Maxent Model Surveyor is a Perl program that evaluates different sets of predictors for Maxent niche modeling. It automatically calculates the Akaike and Bayesian information criteria (AIC, BIC; Warren & Seifert 2011) and the test AUC under the various predictor sets and suggests "suitable" predictor sets for your dataset.
MMS performs many Maxent runs sequentially. It then calculates test AUC, AIC and BIC for those different runs using code borrowed from ENMTools.
I've only used the program on my Linux server and on Mac OS X. Other users have reported that it runs on Windows 64 bit.
I've started to develop a brand new Java version of the program that is faster and has a graphical user interface and more features, so stay tuned. If you want to get notified when new versions are released, you could consider registering to receive my blog posts.
MMS is a command-prompt program to be run in a terminal window. To open a terminal window, start the Terminal program (Mac OS X) or the Command Prompt (Windows). You will also have to install Perl for your platform if you don't already have it.
Once installed, put your species occurrence records and environmental rasters or SWD file in a folder. Copy the perl program to the same folder and navigate to this folder in the terminal window using the cd command (click for more info). Then type perl MMS.pl
. This will show the parameter values that need to be given to the program (see also list below).
At minimum, you need to specify four parameters using command-line flags (environmental data, samples file, link to maxent jar file, and output file).
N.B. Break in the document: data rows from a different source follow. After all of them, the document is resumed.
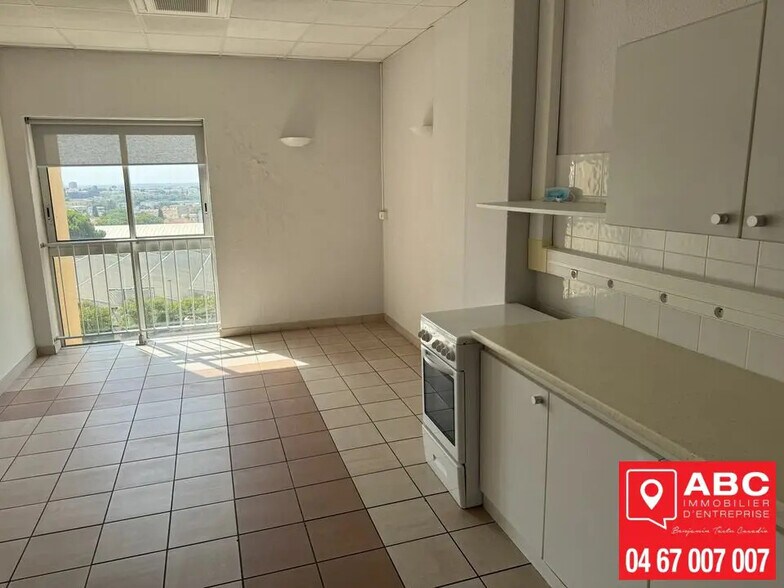 Bureau dans Béziers à louer - Photo de l’immeuble – Image 3 sur 6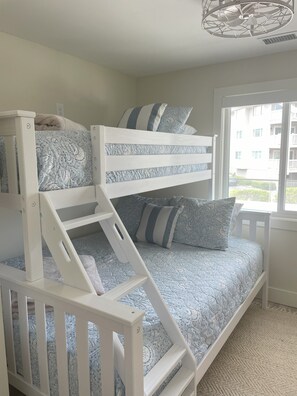 Free WiFi, bed sheets, wheelchair access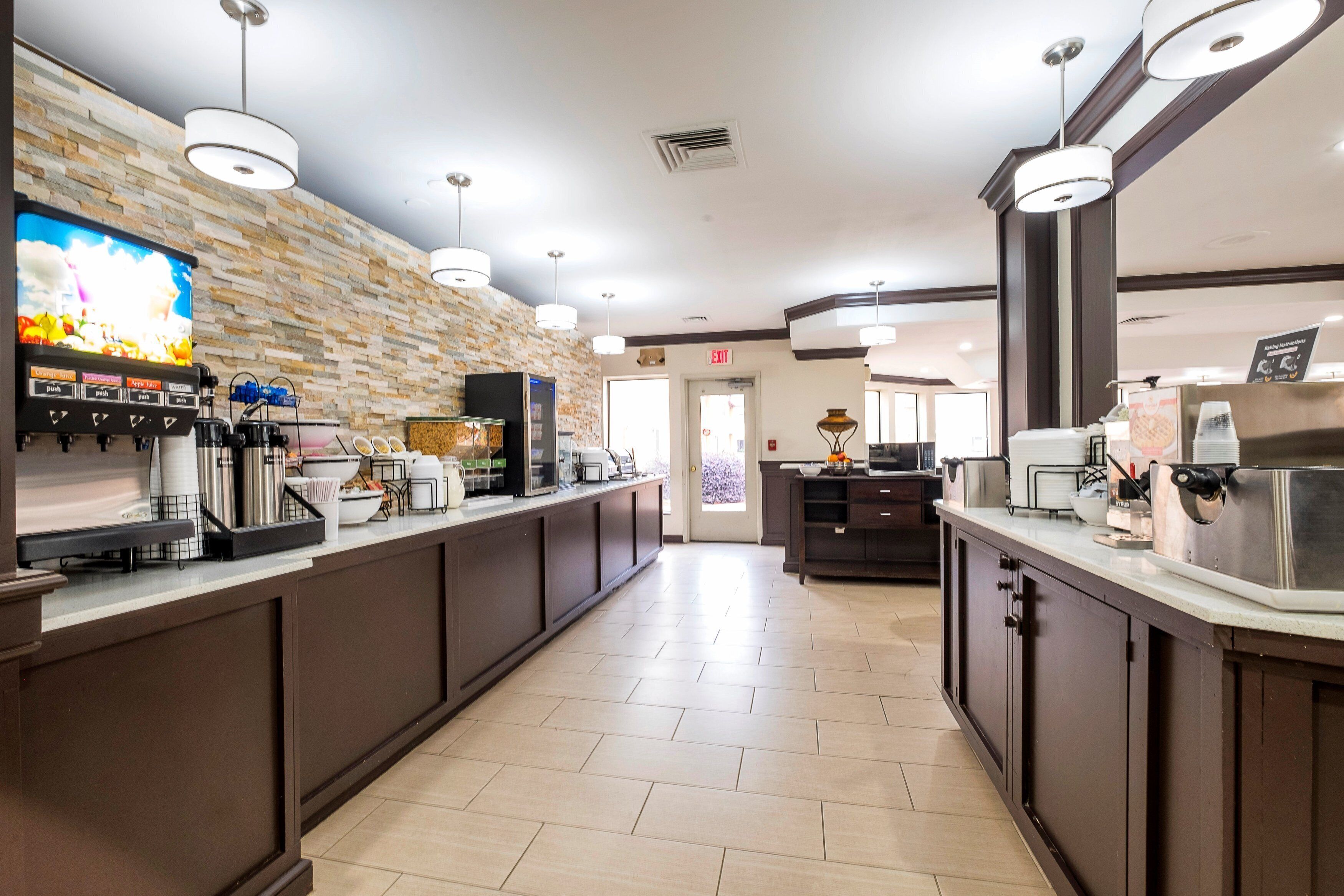 朝食 (フル ブレックファスト)、毎日提供 (無料)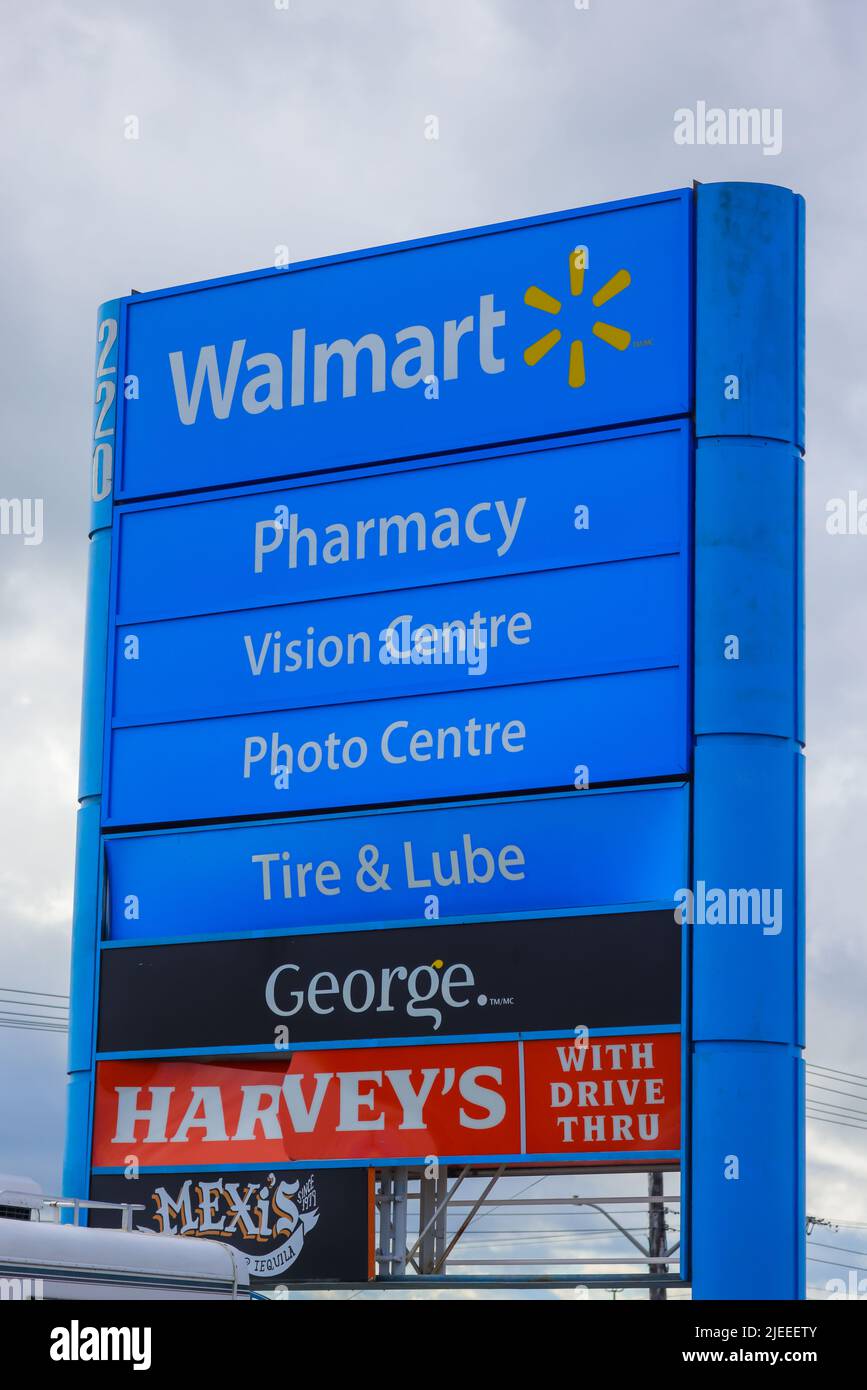 Banner am Straßenrand von Walmart. Wal-Mart Store ist ein US-amerikanisches multinationales Einzelhandelsunternehmen, das Supercenter-Ketten betreibt. Halifax, Nova Scotia, Kanada Stockfoto
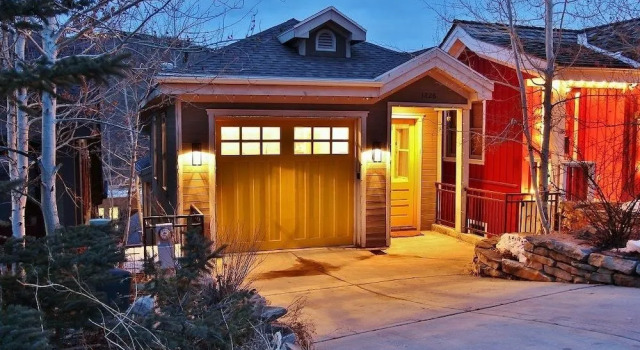 Park City Resort Estate, Забронировать Курортный отель Отели Парк-Сити с бассейном, рядом с Mountain Town Olive Oil, Бассейн
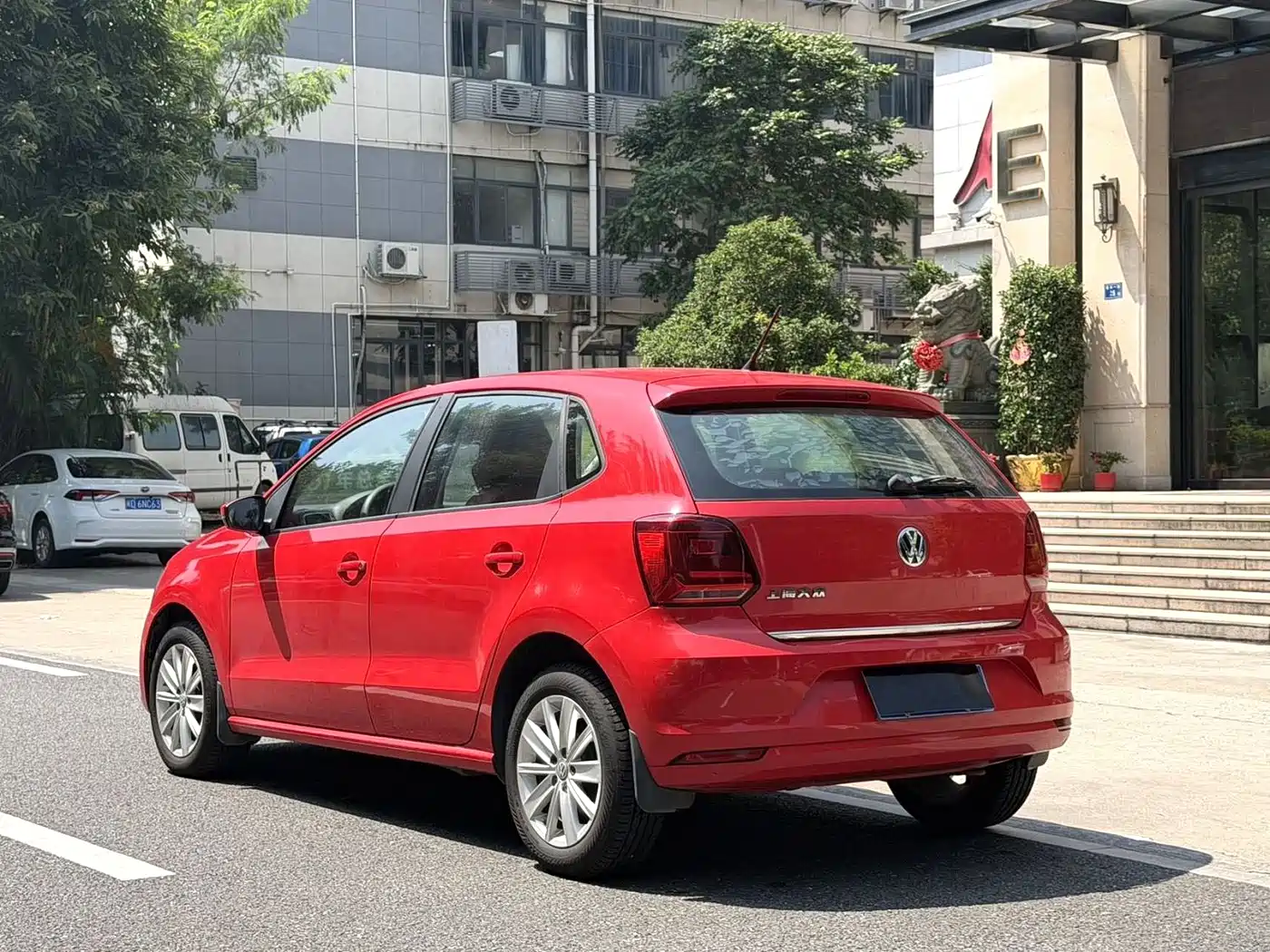 Volkswagen Polo 2015 2014 1.6L Automatic Comfort Edition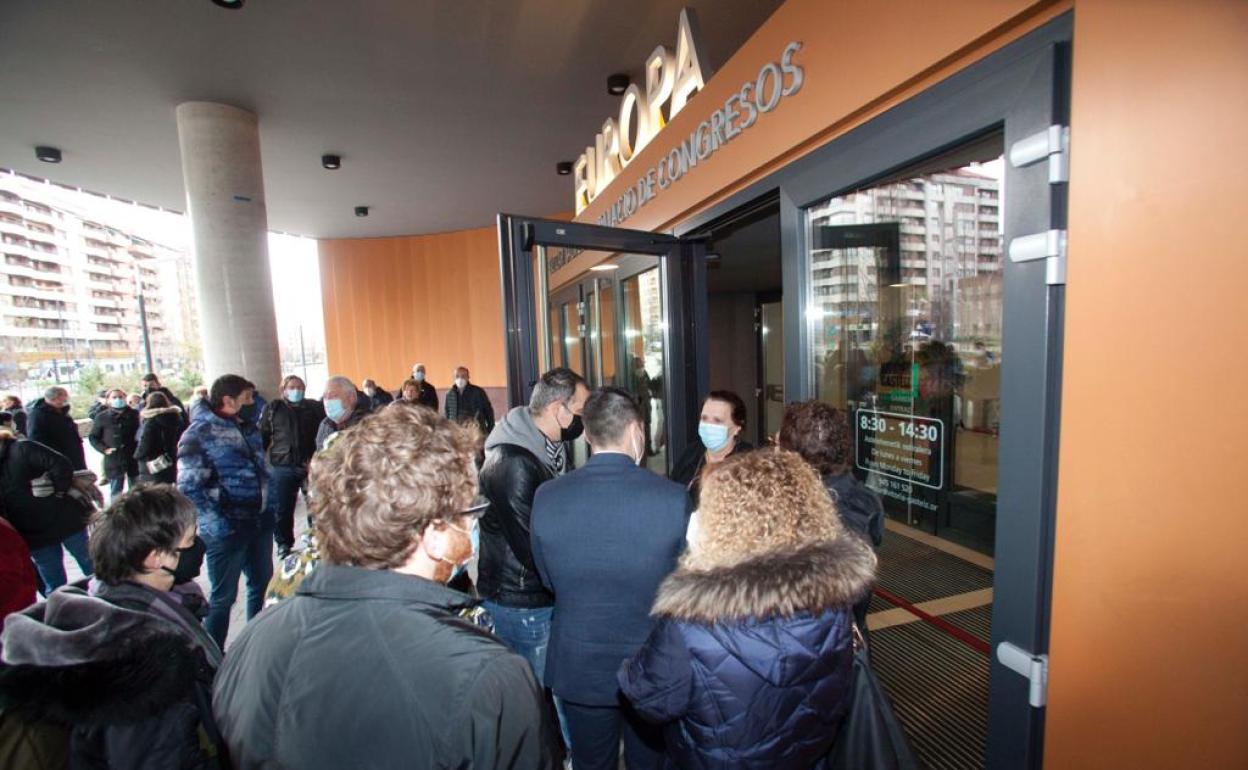 Tensión a las puertas del Palacio Europa de Vitoria donde se celebra el Congreso de Eusko Alkartasuna. 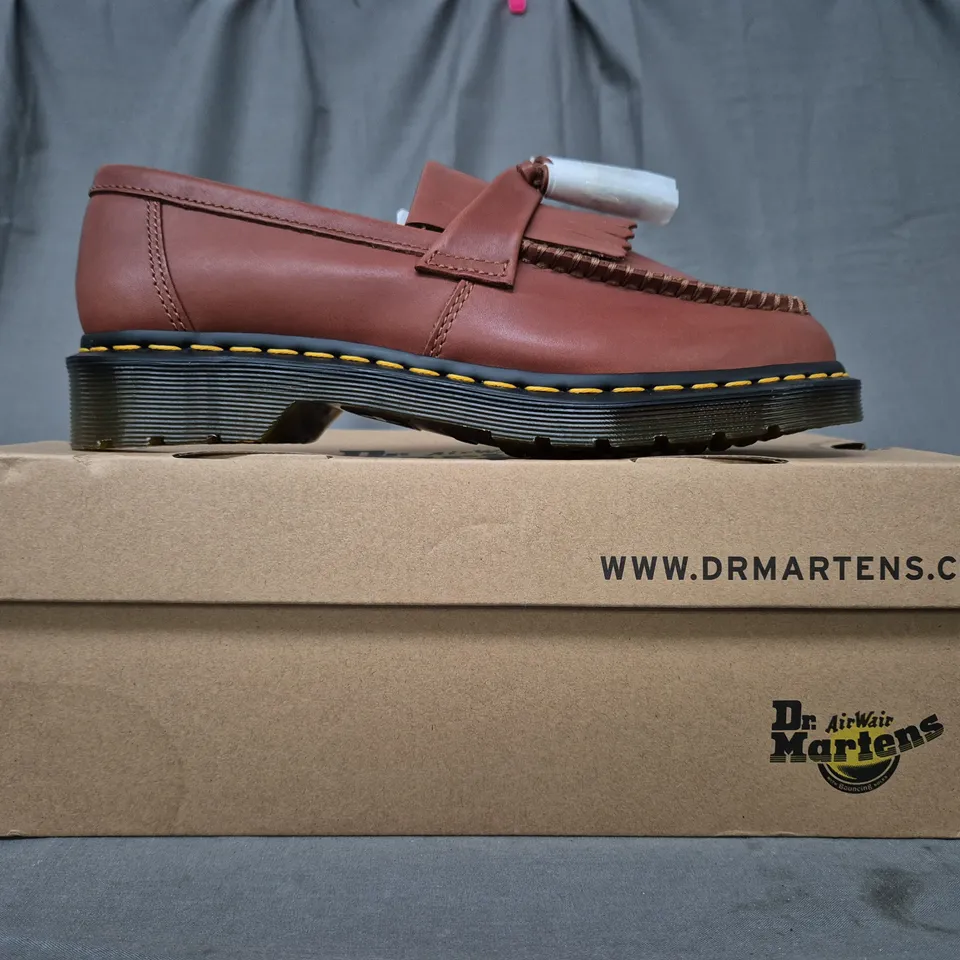 BOXED PAIR OF DR MARTENS ADRIAN YS LOAFERS IN TAN UK SIZE 7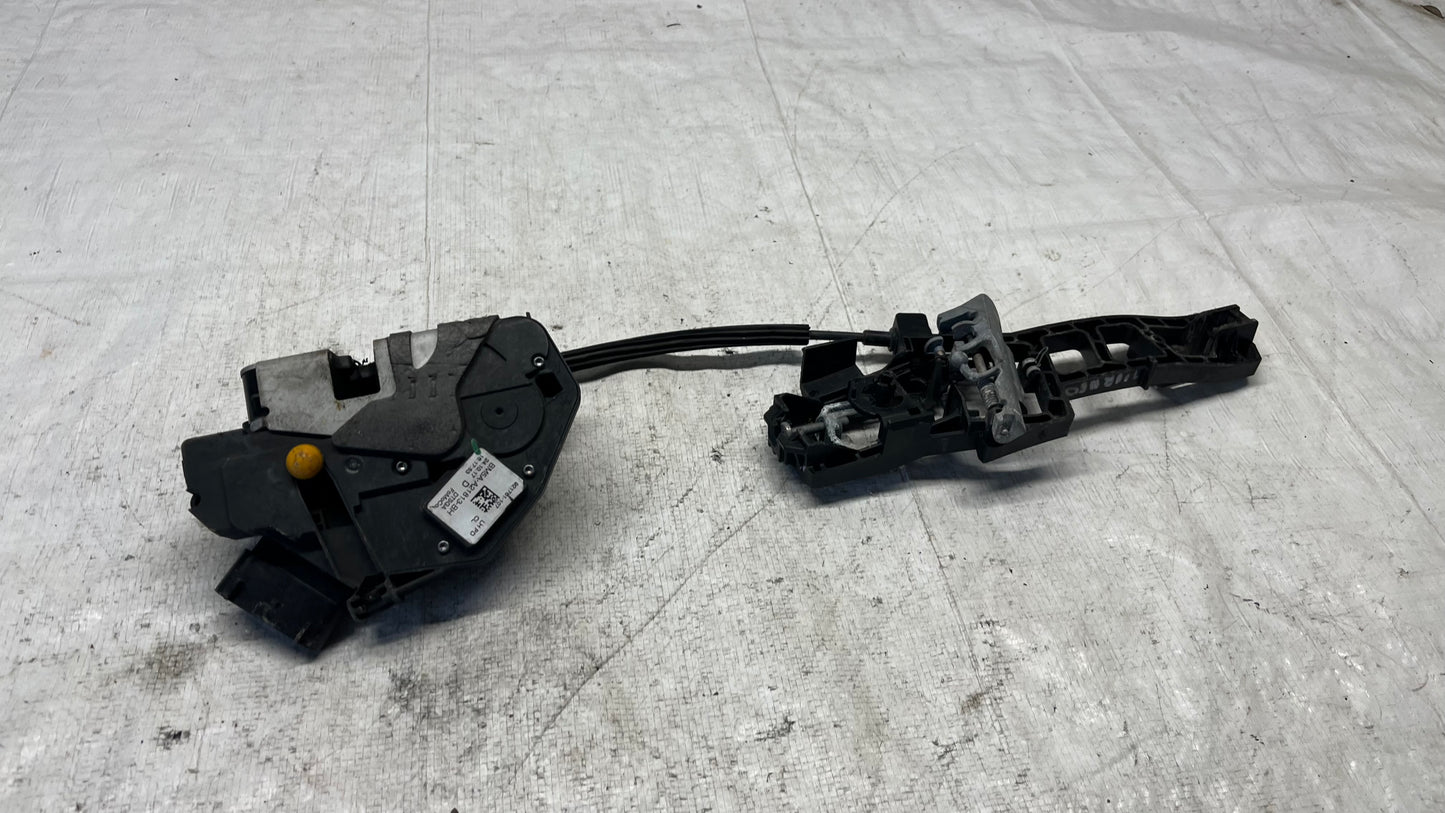 Ford Transit Courier брава задна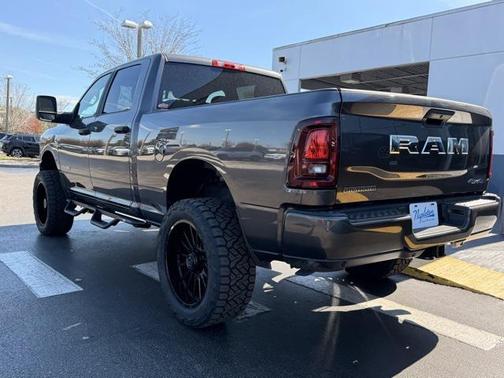2026 RAM 2500 Big Horn Crew Cab 4x4 6'4' Box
Here's an example of how to do this if your occurrences are in occurrences.txt, your environmental rasters in a folder called env_rasters
, and maxent.jar in the folder /home/me/maxent
:
perl MMS.pl -e env_rasters -s occurrences.txt -m /home/me/maxent/maxent.jar -o output.txt
You can then add optional parameters to tune what the program will do for you. You should probably not use the test AUC unless you have >30 occurrence records. Well, you probably shouldn't try making models at all if you have fewer than that.
Formatting your CSV file: A few things need to be kept in mind when preparing the CSV file with species occurrence records. First, make sure the first line of your CSV file has the column headers. These should include "species", "latitude" and "longitude" (without the quotation marks). Second, MMS works on a single species. If you have multiple species in your CSV, it will complain about this and tell you to make a separate CSV file for each species. Third, if you're working on Mac and have exported the CSV file from MS Excel, I've noticed that Maxent has trouble with the Mac line endings and no usable output is produced. In that case you should open the CSV file in a text editor and change the line endings to Unix (Edit > Document Options).
You have the option to customize Maxent's behavior by preparing a text file and providing it to MMS with the -ma flag. This file should have one setting per line, in the long form (flag column) documented in the Maxent documentation. For example, to prohibit Maxent from using product features, you could have a line product=false. Abbreviated flags or the "no" or "dont" forms should not be used. In fact, anything that is not of flag=value format is ignored. An example of a correctly formatted file can be downloaded here. Changing the java memory in the arguments file also won't work. This can be done directly on the command line with MMS's -jm flag (e.g. -jm 16000 for 16 gigabytes).
Here is a complete list of command-line flags you can use in this version.
mandatory parameters
-e environmental data
name of directory containing rasters (raster mode)
file with background csv data (SWD mode)
-s samples file
sample coordinates in csv file (raster mode)
sample data in csv format (SWD mode)
-m link to maxent jar file
-o output file
optional parameters
-t test samples file
sample coordinates in csv file (raster mode)
sample data in csv format (SWD mode)
(using this option activates custom training/test mode)
-me method for variable selection (default: bss)
bss : best subset selection
bws : backward stepwise selection
fws : forward stepwise selection
-rc evaluation criterion (default: AUC)
AIC : Akaike Information Criterion
AICc : corrected Akaike Information Criterion
AUC : area under ROC curve (for test set)
BIC : Bayesian Information Criterion
-tt number of replicate training and test data sets (default: 1)
(disregarded when in custom training/test mode)
-ma file with arguments to be passed to maxent (one per line)
-jm java memory (in megabytes)
If you find this software useful, please cite it in your work. I recommend citing it as follows: Verbruggen H. (2012) Maxent Model Surveyor version 1.07. https://github.com/hverbruggen/MMS
I also recommend citing the first paper that used and described the technique implemented here: Verbruggen H., Tyberghein L., Belton G.S., Mineur F., Jueterbock A., Hoarau G., Gurgel C.F.D. & De Clerck O. (2013) Improving transferability of introduced species' distribution models: new tools to forecast the spread of a highly invasive seaweed. PLoS One 8: e68337.
MMS is in development and has not been tested extensively. It is quite plausible that incorrectly formatted input could lead to nonsensical output.